UNet2DConditionModel

unet 主要是 forward 中涉及对 ControlNet 输出的处理:

def forward(
    self,
    ...
    # ControlNet 结果输入
    down_block_additional_residuals: Optional[Tuple[torch.Tensor]] = None,
    mid_block_additional_residual: Optional[torch.Tensor] = None,
    ...
) -> Union[UNet2DConditionOutput, Tuple]:
    ...

    # 判断是否用到了 ControlNet
    is_controlnet = mid_block_additional_residual is not None and down_block_additional_residuals is not None
    ...

    # 3. down
    down_block_res_samples = (sample,)
    for downsample_block in self.down_blocks:
        sample, res_samples = downsample_block(hidden_states=sample, temb=emb)
        down_block_res_samples += res_samples

    # down 层的输出处理:down_block_res_samples = down_block_res_samples + down_block_additional_residuals
    if is_controlnet:
        new_down_block_res_samples = ()

        for down_block_res_sample, down_block_additional_residual in zip(
            down_block_res_samples, down_block_additional_residuals
        ):
            down_block_res_sample = down_block_res_sample + down_block_additional_residual
            new_down_block_res_samples = new_down_block_res_samples + (down_block_res_sample,)

        down_block_res_samples = new_down_block_res_samples

    # 4. mid
    if self.mid_block is not None:
        sample = self.mid_block(sample, emb)

    # mid 层的输出处理:sample = sample + mid_block_additional_residual
    if is_controlnet:
        sample = sample + mid_block_additional_residual

    # 5. up
    ...

StableDiffusionControlNetPipeline

pipeline 中的实现,主要是去噪过程增加对 controlnet 的调用:

for i, t in enumerate(timesteps):
    ... 

    # 输入给 controlnet 的文本 embedding
    if guess_mode and self.do_classifier_free_guidance:
        # Infer ControlNet only for the conditional batch.
        control_model_input = latents
        control_model_input = self.scheduler.scale_model_input(control_model_input, t)
        controlnet_prompt_embeds = prompt_embeds.chunk(2)[1]
    else:
        control_model_input = latent_model_input
        controlnet_prompt_embeds = prompt_embeds

    # controlnet scale 处理
    if isinstance(controlnet_keep[i], list):
        cond_scale = [c * s for c, s in zip(controlnet_conditioning_scale, controlnet_keep[i])]
    else:
        controlnet_cond_scale = controlnet_conditioning_scale
        if isinstance(controlnet_cond_scale, list):
            controlnet_cond_scale = controlnet_cond_scale[0]
        cond_scale = controlnet_cond_scale * controlnet_keep[i]

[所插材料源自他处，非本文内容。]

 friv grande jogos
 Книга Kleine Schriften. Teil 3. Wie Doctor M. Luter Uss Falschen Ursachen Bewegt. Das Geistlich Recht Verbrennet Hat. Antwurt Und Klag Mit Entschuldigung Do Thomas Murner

    # 调用 controlnet 模型推理,得到 down_block_res_samples, mid_block_res_sample
    down_block_res_samples, mid_block_res_sample = self.controlnet(
        control_model_input,
        t,
        encoder_hidden_states=controlnet_prompt_embeds,
        controlnet_cond=image,
        conditioning_scale=cond_scale,
        guess_mode=guess_mode,
        return_dict=False,
    )

    # 将 controlnet 的输出设置到 unet (down_block_res_samples、mid_block_res_sample)
    noise_pred = self.unet(
        latent_model_input,
        t,
        encoder_hidden_states=prompt_embeds,
        timestep_cond=timestep_cond,
        cross_attention_kwargs=self.cross_attention_kwargs,
        down_block_additional_residuals=down_block_res_samples,
        mid_block_additional_residual=mid_block_res_sample,
        added_cond_kwargs=added_cond_kwargs,
        return_dict=False,
    )[0]

    ...

ControlNet 训练

diffusers 代码中提供了 ControlNet 完整的训练示例,包括 SD1.5 和 SDXL,两者区别不大,先来看 SD1.5 的训练实现:

首先是各个模块的初始化:

# 初始化 tokenizer、noise_scheduler、text_encoder、vae、unet
tokenizer = AutoTokenizer.from_pretrained(...)
noise_scheduler = DDPMScheduler.from_pretrained(args.pretrained_model_name_or_path, subfolder="scheduler")
text_encoder = text_encoder_cls.from_pretrained(...)
vae = AutoencoderKL.from_pretrained(...)
unet = UNet2DConditionModel.from_pretrained(...)

# 初始化 controlnet,从预训练模型加载,或者从unet中复制
if args.controlnet_model_name_or_path:
    logger.info("Loading existing controlnet weights")
    controlnet = ControlNetModel.from_pretrained(args.controlnet_model_name_or_path)
else:
    logger.info("Initializing controlnet weights from unet")
    controlnet = ControlNetModel.from_unet(unet)

# 只训练 controlnet
vae.requires_grad_(False)
unet.requires_grad_(False)
text_encoder.requires_grad_(False)
controlnet.train()

然后是 Optimizer、Dataloader、lr_scheduler 的初始化:

# Optimizer creation
params_to_optimize = controlnet.parameters()
optimizer = optimizer_class(...)

train_dataset = make_train_dataset(args, tokenizer, accelerator)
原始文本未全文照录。